Mais les données génèrent-elles un gain de productivité ? Oui, répond une étude menée par Erik Brynjolfsson, économiste à la Sloan School of Management et responsable du groupe Productivité numérique au Centre sur le Business numérique du Massachusetts Institute of Technology et auteur de Wired for Innovation (Connecté pour l’innovation, comment les technologies de l’information refaçonnent l’économie), Lorin Hitt, professeur à la Wharton School de l’université de Pennsylvanie, et Heekyung Kim étudiante au MIT. Selon ces chercheurs, qui ont étudié 179 grandes entreprises américaines qui ont adopté des modèles de décisions conduites par les données, la productivité serait de 5 à 6 % plus élevée que celle des autres entreprises. Une différence qui ne pourrait pas être expliquée par d’autres facteurs, comme l’investissement dans les technologies, estiment les chercheurs…

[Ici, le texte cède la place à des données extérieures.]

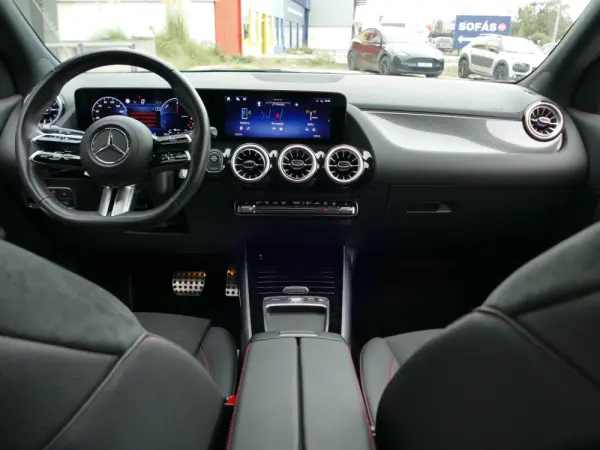 Mercedes-Benz GLA 250 e AMG Line 38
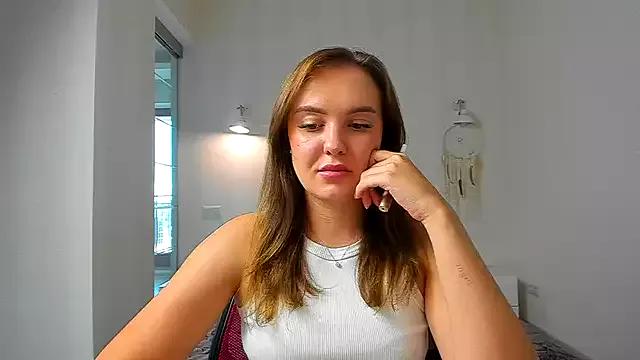 EmmaNorman on StripChat 
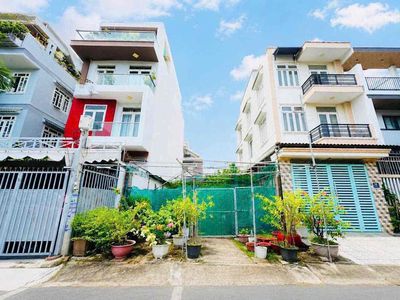 Đất ở Khu Văn Phòng Chính Phủ Quốc Lộ 13 ngay Vạn Phúc 121m2 6,7x18m — ảnh 1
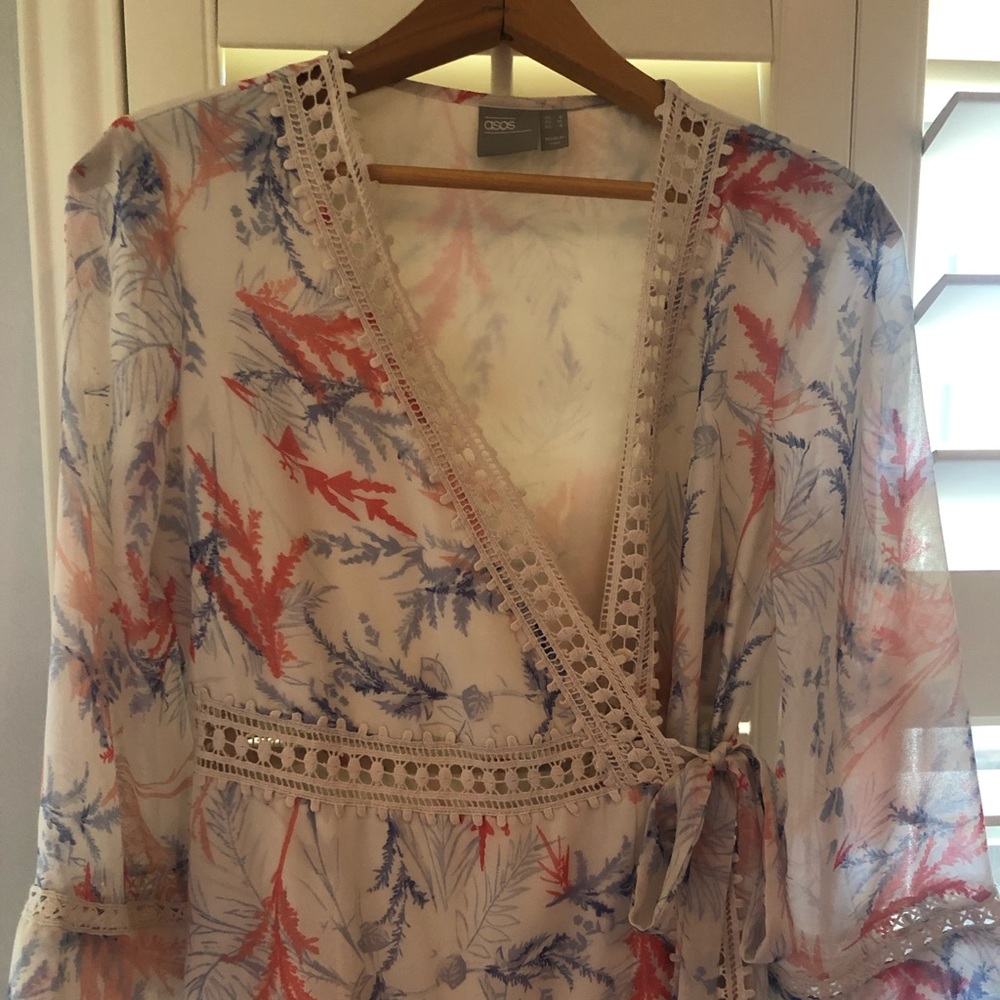ASOS maxi wrap dress in soft floral - Picture 2 of 3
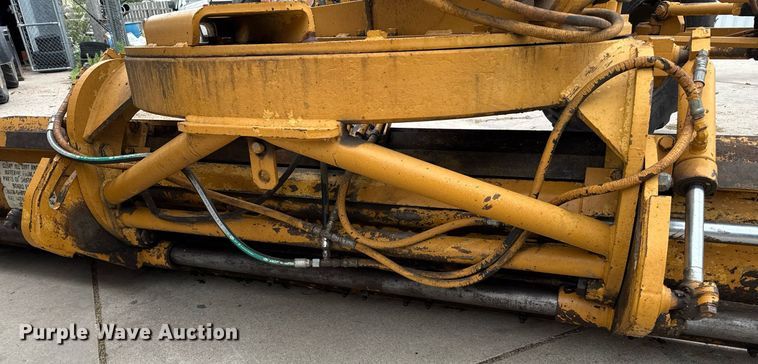 image for item DZ8572 1984 Galion A500 motor grader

Dans l’étude, la « décision conduite par les données » caractérisait des entreprises qui non seulement collectaient des données, mais aussi les utilisaient aussi pour prendre des décisions, créer un nouveau produit ou faire évoluer un service, plutôt que de se référer à l’expérience et l’intuition de son management. « Or, une différence de 5 % de la production et de la productivité est suffisamment importante pour distinguer les gagnants et les perdants dans la plupart des industries », estime Brynjolfsson. « Les entreprises dont les décisions sont guidées par l’analyse des données sont aujourd’hui le signe avant-coureur d’une tendance de fond dans la façon dont les gestionnaires vont être amenés à prendre des décisions.

La conclusion que les sociétés qui reposent fortement sur l’analyse des données sont susceptibles d’être meilleures que d’autres n’est pas nouvelle. Google, dont le succès est basé sur l’exploitation des données en est le plus brillant exemple. C’était d’ailleurs le sujet du dernier livre de Thomas H. Davenport, professeur de technologie de l’information et de gestion au Babson College, Jeanne G. Harris et Robert Morison Analytics at Work : Smarter Decisions, Better Results (L’analytique au travail : meilleures décisions, meilleurs résultats qui fait suite à L’analytique, nouvel outil stratégique). Mais selon Brynjolfsson « cette étude est la première preuve quantitative des anecdotes dont nous entendons parler »… Et cela ne devrait faire que commencer à mesure que les outils d’analyse de données vont se démocratiser, estime leur auteur.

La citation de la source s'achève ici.